In other embodiments, after block 460, method 400 further can include tracking a longest streak count representing a longest streak of consecutive vehicle trips for the user during which the mobile electronic device of the user is not used for any purpose other than the pre-approved purposes. In similar embodiments, the tracking can include tracking the longest streak count representing the longest streak of consecutive vehicle trips for the user during which the mobile electronic device of the user is not used for any purpose other than the pre-approved purposes while the mobile electronic device of the user is in the vehicle, the vehicle is moving, and the vehicle is being driven by the user during the second vehicle trip. In these embodiments, after the tracking, method 400 further can include at least one of: transmitting, to the mobile electronic device, a current streak count for the user and the longest streak count for the user, or transmitting, to the mobile electronic device, feedback for the user regarding the current streak count for the user.

In a number of embodiments where one or more ML/AI models are used in block 420, block 430, block 440, block 450, block 460, and/or block 470, method 400 further can include pre-training and/or re-training the trained ML/AI models based upon historical input/output data, as determined in block 410, block 450, or block 460 respectively, feedback received from a system user (e.g., a data scientist, a machine learning engineer, etc.) or collected from various data sources (e.g., policy renewal rates, insurance claim trends, a user of an app increasing a streak trend or breaking a streak, etc.), and/or synthesized training data. In these embodiments, the same or different ML/AI models can be used in one or more of block 420, block 430, block 440, block 450, block 460, and/or block 470 in method 400.

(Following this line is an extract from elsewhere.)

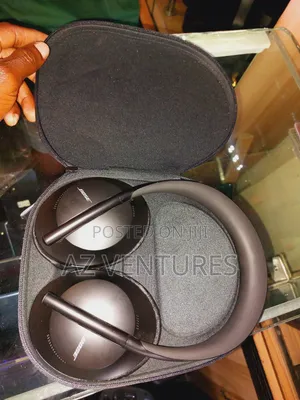 Bose Noise Cancelling Headphone
700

For each of the machine learning models to be retrained, the respective training datasets can be updated manually by a system user (e.g., an ML engineer, a data scientist, etc.) and/or automatically by a system (e.g., system 300 or 310 (FIG. 3)). The system user can select new training data from various data sources (e.g., websites, books, magazines, product catalogs, private third-party databases, etc.). The system can collect new training data based upon various criteria. In certain embodiments, historical input and/or output data of the model to be re-trained can be used for re-training the model. In several embodiments, the historical input and/or output data of the model can be selected based upon system performance and/or user feedback from the system user associated with the historical output data. Examples of the user feedback can include a higher streak count, a trend of higher and higher streak counts, etc.), and so forth. In various embodiments, when more than one training dataset is used for the pre-training and/or re-training, the system (e.g., system 300 and/or system 310) can format or re-format the data of the more than one training dataset (especially when datasets are from different sources) so that the hierarchy, schema, and/or other aspects of the data of the more than one training dataset follow a common hierarchy, structure, schema, etc., and so that the data of the more than one training dataset can be more easily used to pre-train or re-train the one or more machine learning models. The system can pre-determine the common hierarchy, structure, schema, etc.

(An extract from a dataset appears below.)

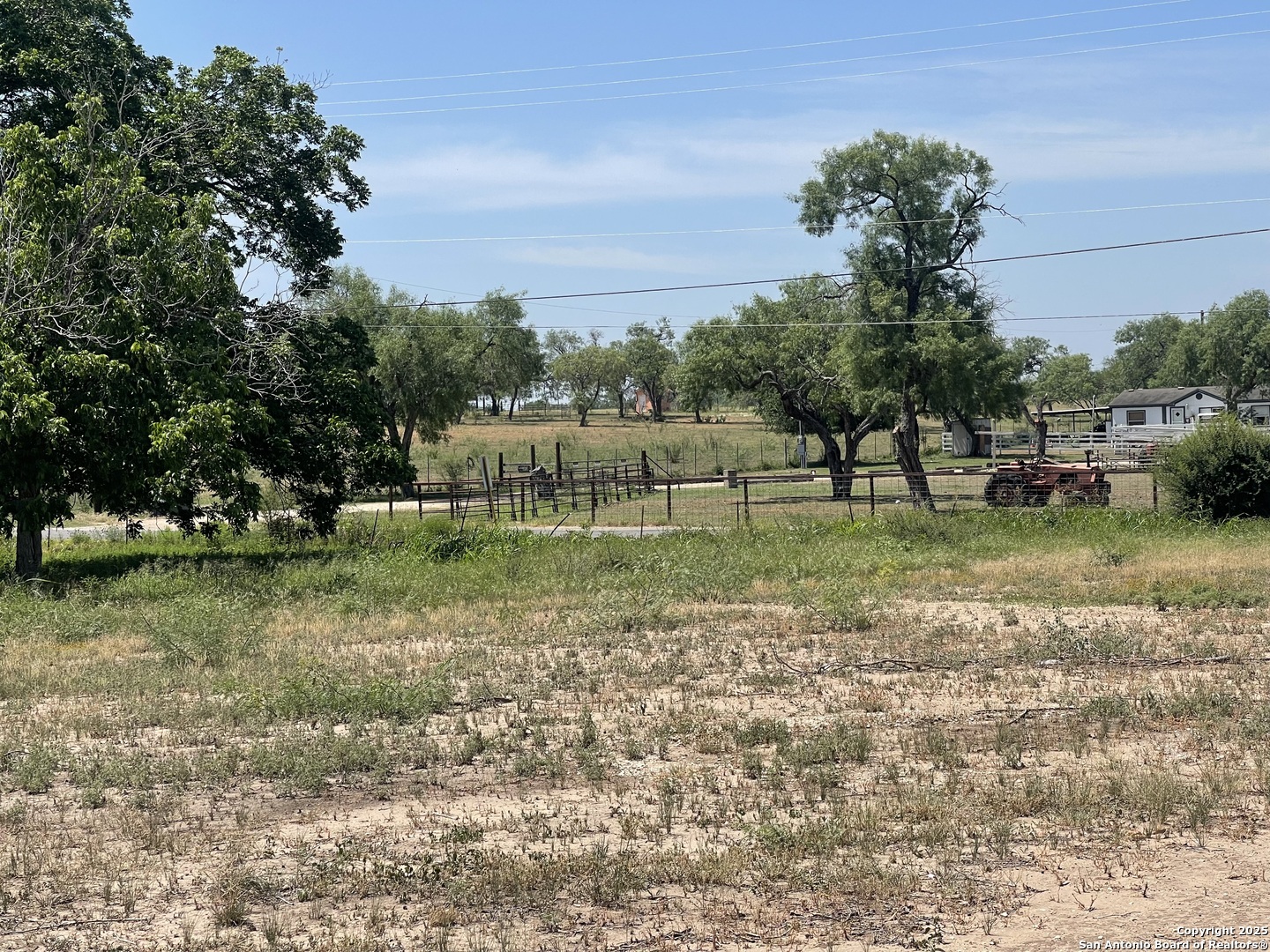 4235 Mickey Road San Antonio, TX 78223 - Photo 14 of 15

Relating FIG. 4 to FIG. 3, as an example, telematics module 31410 (FIG. 3) can perform blocks 410 and 420; determination module 31420 (FIG. 3) can perform blocks 430 and 450; and ledger module 31430 (FIG. 3) can perform blocks 440, 460, and 470.

In the same or different embodiments, referring back to FIG. 4, method 400 can be revised in different ways. For example, the first vehicle trip of block 430 can occur in a first vehicle, and the second vehicle trip of block 450 can occur in a second vehicle different from the first vehicle. Similarly, the third vehicle trip referenced above can occur in the first vehicle, the second vehicle, or a third vehicle different from the first and second vehicles.

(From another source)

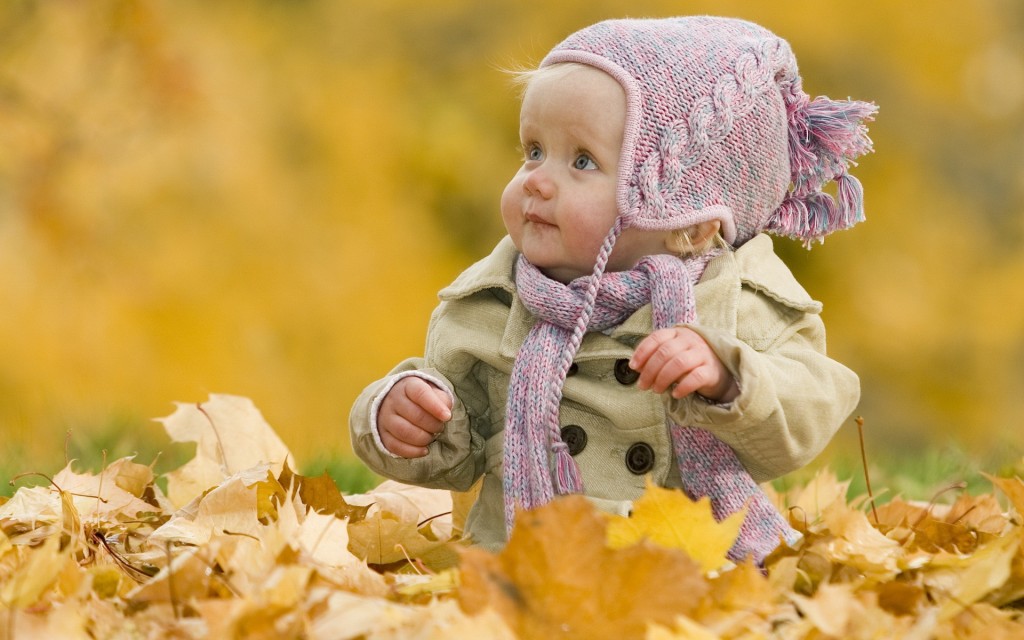 Cute-baby-fall_1920x1200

Additional Exemplary Embodiments for Reducing Mobile Device Usage by a Driver of a Vehicle

In various embodiments, smartphone users and app users do not have a systematic way to improve their distraction-free driving and to possibly lower their monthly vehicle insurance premium based on their improved distraction-free driving. Presenting targeted and specific goals on the app of the mobile electronic device while the user is not driving a vehicle can enable users )who want to get better at driving) to improve their distraction-free driving, raise their awareness of their driving behaviors, and perhaps ultimately lower their monthly vehicle insurance premium. In turn, these techniques can uncover insights into customer behavior, motivations and habits.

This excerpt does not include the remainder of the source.